In the study, Ecofiscal – a group of prominent private-sector and university economists – urged Ottawa and the provinces to ensure that their climate-change policies yield low-cost emission reductions while minimizing government's role in picking technology winners.
It comes as governments at all levels pursue a host of measures – from building codes to low-carbon fuel standards to the phaseout of coal-fired power – to complement the carbon levies or cap-and-trade programs that have been adopted by Ottawa and most provinces.
The federal government recently established an advisory group that will recommend how it should encourage more sales of zero-emission vehicles, including the possible use of subsidies.

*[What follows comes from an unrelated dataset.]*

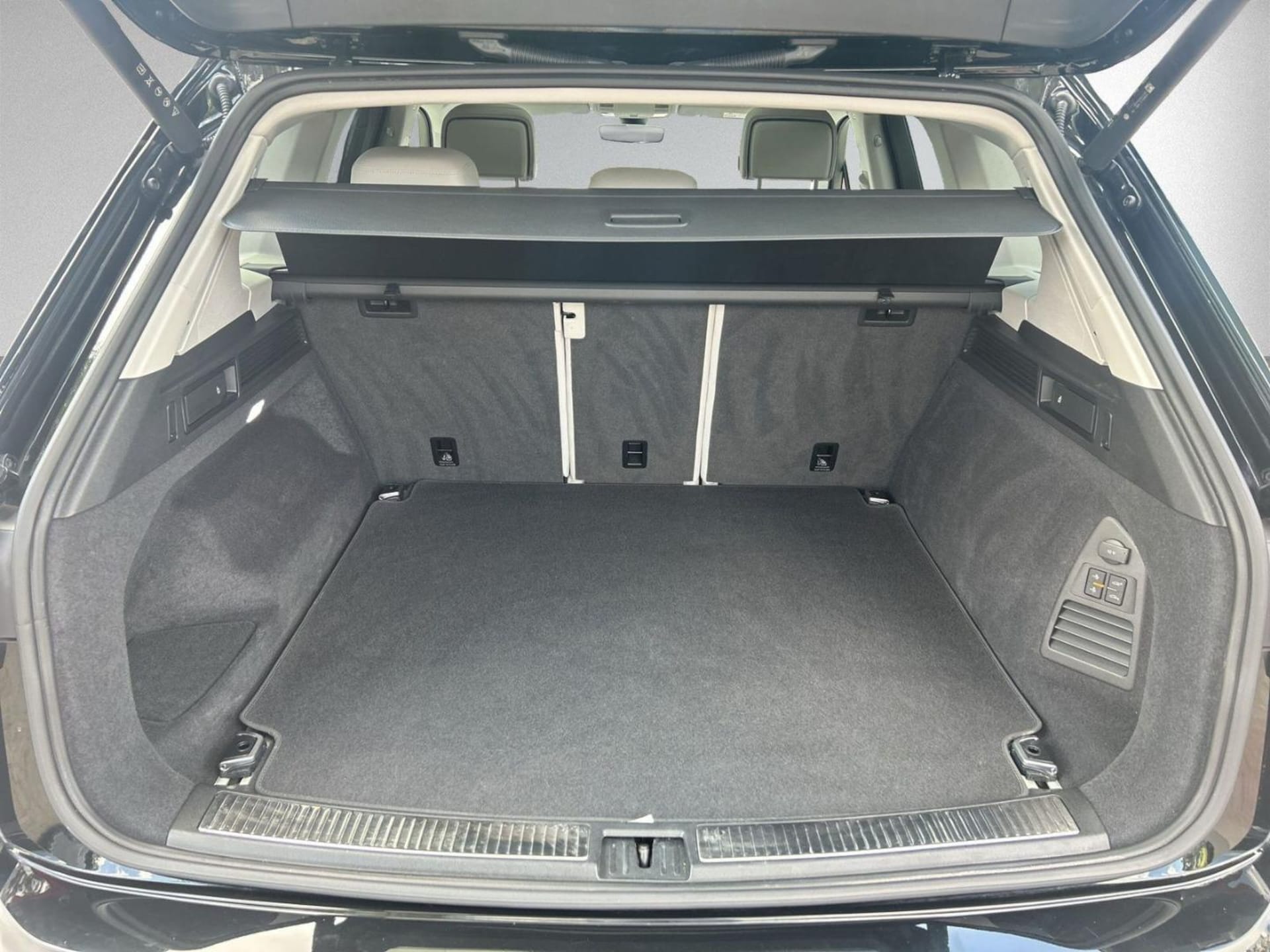 Volkswagen Touareg Elegance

Prime Minister Justin Trudeau plans to impose a federal carbon price – starting at $10 a tonne next year and rising to $50 by 2022 – on provinces that refuse to adopt their own or don't meet Ottawa's minimum standard. However, like the provinces, it is counting on other regulations and incentives to limit the increase in carbon taxes that Canada would require to meet its commitment under the Paris accord to reduce greenhouse gas emissions by 30 per cent from 2005 levels by 2030.

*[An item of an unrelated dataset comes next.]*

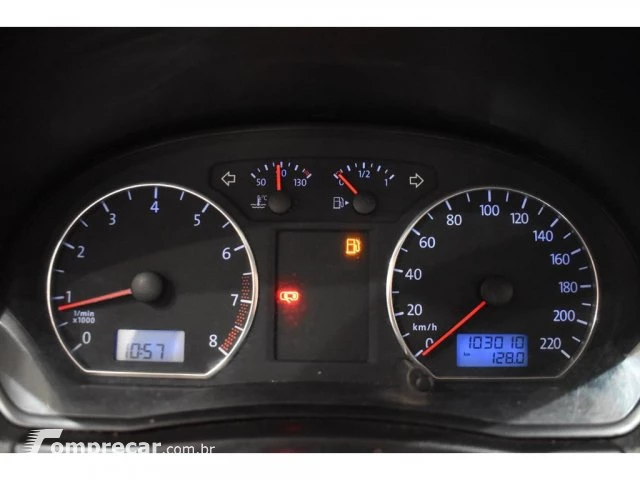 POLO - 1.6 MI 8V 4P MANUAL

In its report, Ecofiscal argues a rising carbon price should do the "heavy lifting" and "offers the most cost-effective way to reduce GHG emissions." However, experts such as Simon Fraser University's Mark Jaccard argue it would not be politically feasible to increase it to $200 a tonne by 2030, as would be needed to meet the Paris target through carbon pricing alone.
Still, Ecofiscal chairman Chris Ragan – an economist at McGill University – said future governments should raise the levy significantly after 2022, and could offset the impact of a higher carbon levy by lowering other taxes. "It would be a very bad outcome if the price peaked out at $50 in 2022 and everything else is done by complementary policies," he said in an interview.
The Ecofiscal report acknowledges that there are cases in which regulations and incentives are needed to overcome market barriers or deliver important benefits in addition to greenhouse gas emission reductions, or can achieve reductions more cheaply than an explicit carbon price.
It looks at three examples: Quebec's $8,000 electric-vehicle subsidy, a federal regulation to force the oil and gas industry to cut its methane emissions, and Alberta's plan to phase out coal-fired power by 2030.
Mr. Ragan said it is likely that any direct subsidy for electric-vehicle purchases would be an expensive way to reduce greenhouse gas emissions, although the report looked specifically at the Quebec program.
The province also has a carbon price through its cap-and-trade system, as well as regulations that require the auto industry to sell a certain number of zero-emission cars a year starting in 2018. Ecofiscal said it is not clear how much additional benefit is gleaned from the car buyers' subsidy, which it criticizes as high cost and lacking in fairness, since lower-income Quebeckers cannot afford the electric vehicles now on the market. "If you follow our framework, the onus is on [the government] to convince your voters and convince your taxpayers that the benefits are there and they're big," Mr. Ragan said. "Maybe they are, but in our analysis, they're not."
In contrast, the proposed federal regulation on methane emissions in the oil industry targets sources that are not covered by carbon pricing, and the Ecofiscal report calculates its cost at $13 a tonne.